There are a variety of important factors driving M&A activity at any given time. However, the effect that some of these factors have is not always what would be anticipated. Global M&A activity continued at a record-setting pace throughout 2015, surpassing the previous record set in 2007, and nowhere is it more evident that we are in a fertile time for M&A than in the LBM segment. In the current market, the largest companies in the industry are combining or being acquired. Regional businesses, attractive single yards, and specialized dealers all are being sought by buyers.
At the recent NLBMDA conference, Dr. David Crowe of the National Association of Home Builders shared his prediction that housing starts would continue to grow through 2019. This would mean significant growth and near-term profits for LBM companies. Business owners often contemplate holding on during a good period like this and waiting to sell in three or four years.

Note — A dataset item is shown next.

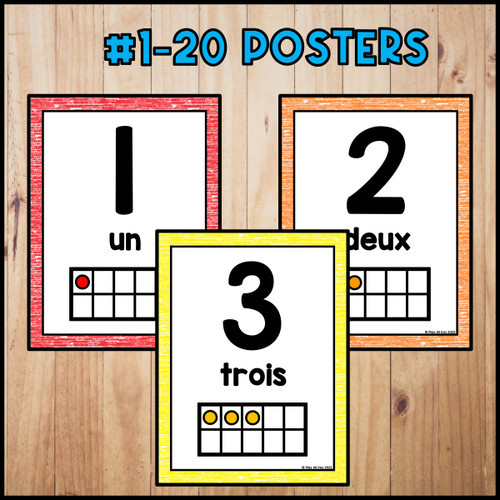 French Number Posters 1 to 20 | Affiches de nombres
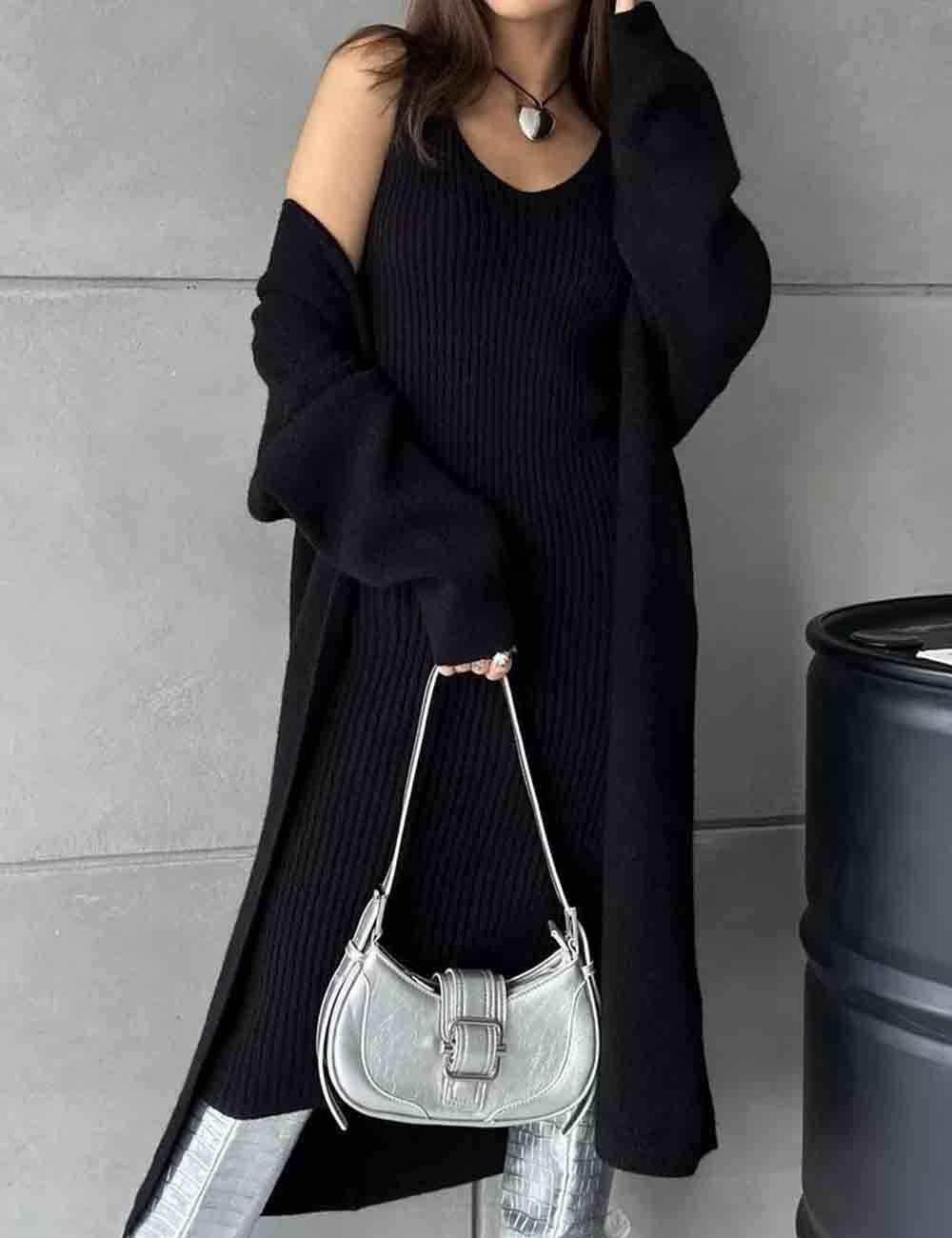 Ladies Solid Color Knit Midi Dress & Cardigan 2PCS Set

However, if Crowe’s prediction is correct, owners of LBM businesses approaching the market in several years will be doing so at a time when the future growth outlook will likely be much lower than it is now. Any increase in EBITDA (earnings before interest, taxes, depreciation, and amortization) by that time could be muted or reversed by even a modest drop in the EBITDA multiple being paid for their company. This is a uniquely good time to sell an LBM business—we are undeniably into the recovery but there is still enough growth ahead to entice buyers and result in strong valuations.
Oil prices are another economic factor with a counterintuitive effect on M&A activity. As of early November, NYMEX crude was trading just below $50 per barrel. In the short term, falling oil prices create additional profits at an LBM company; delivery surcharges tend to fall more slowly than oil prices, creating additional profits as oil prices drop. Also, consumers tend to spend more money on housing and other goods when the cost of their basic necessities, such as gasoline, decrease. However, it is difficult to imagine a consumer deciding to buy a home because gas has become cheaper. Consumers simply don’t spend a large enough portion of their income on gasoline for it to drive many economic decisions.

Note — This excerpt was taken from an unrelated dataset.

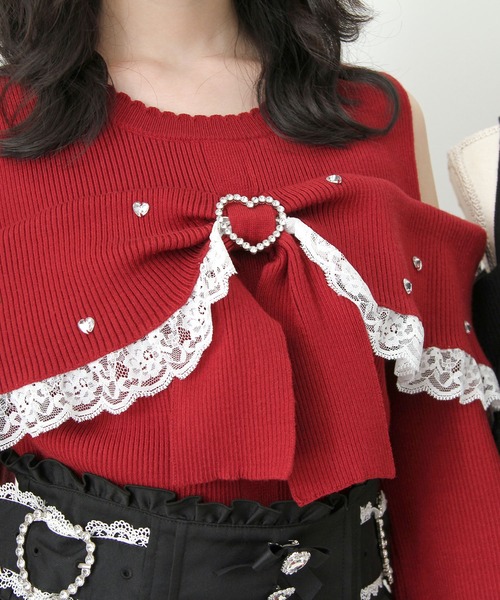 DearMyLove（ディアマイラブ）の「キラキラハートリボンオフショルニット（ニット/セーター・レディース・ボルドー/ブラック・MEDIUM/3L/LARGE）」の8枚目の写真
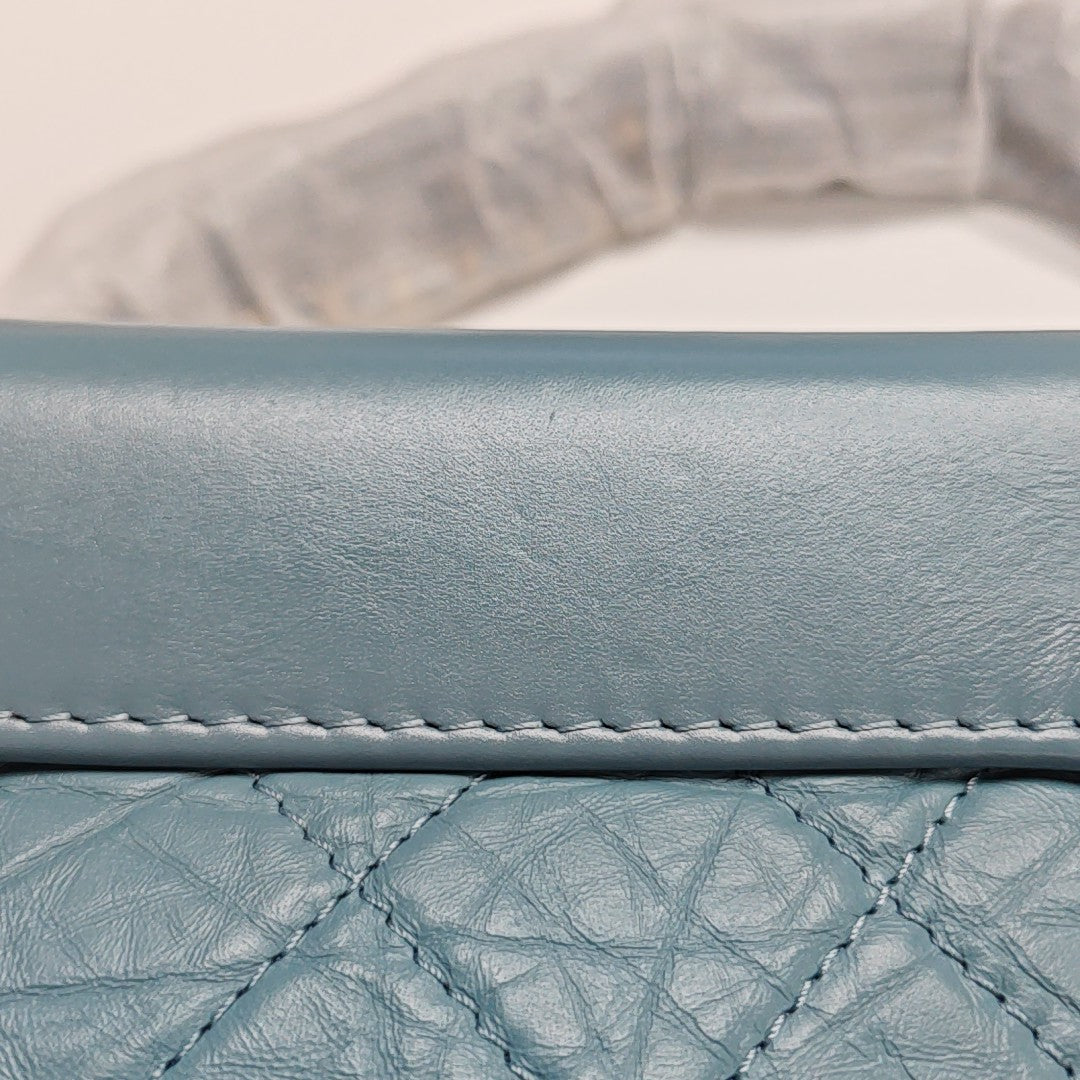 GABRIELLE Small Quilted Vintage Calf Blue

One group that does make immediate economic decisions in response to oil prices is oil producers themselves. Many of the oil wells in the U.S. that rely upon fracking to produce profitably are not viable when oil prices drop below $50 per barrel. The owners of such marginal wells shut them down immediately when oil prices drop. An estimated 2.4 million energy-related jobs have been created since 2003.
Unlike gasoline prices, there is a direct line between an individual having a job and deciding to buy a home. Thus, the LBM industry would be better off to have oil prices somewhat higher than they are currently. Much of the additional shipping expense incurred could eventually be passed along to the customer, and companies would benefit from operating in a stronger economy with better growth. These are key elements in the non-company specific factors that drive the EBITDA multiples that buyers are willing to pay for an LBM business.
Another economic factor that does not impact M&A activity in the way that might be anticipated is interest rates. Rates are undoubtedly going to rise in the future, but the pace and timing of increases remains to be seen. Crowe recently predicted that average mortgage rates would rise from 3.9% in 2015 to 4.5% and 5.5% in 2016 and 2017, respectively. However, mortgage rates will only rise as a result of the economy improving, which could be expected to produce as many or more potential home buyers as are chased away by rising interest rates.
As Crowe points out, a complex web of factors influence home buying, not just mortgage rates. Indeed, if interest rates were the determining factor in housing activity, we would already be in the midst of the greatest housing boom of modern times. The good news is that other important factors, such as GDP and job growth, are also pointed in the right direction.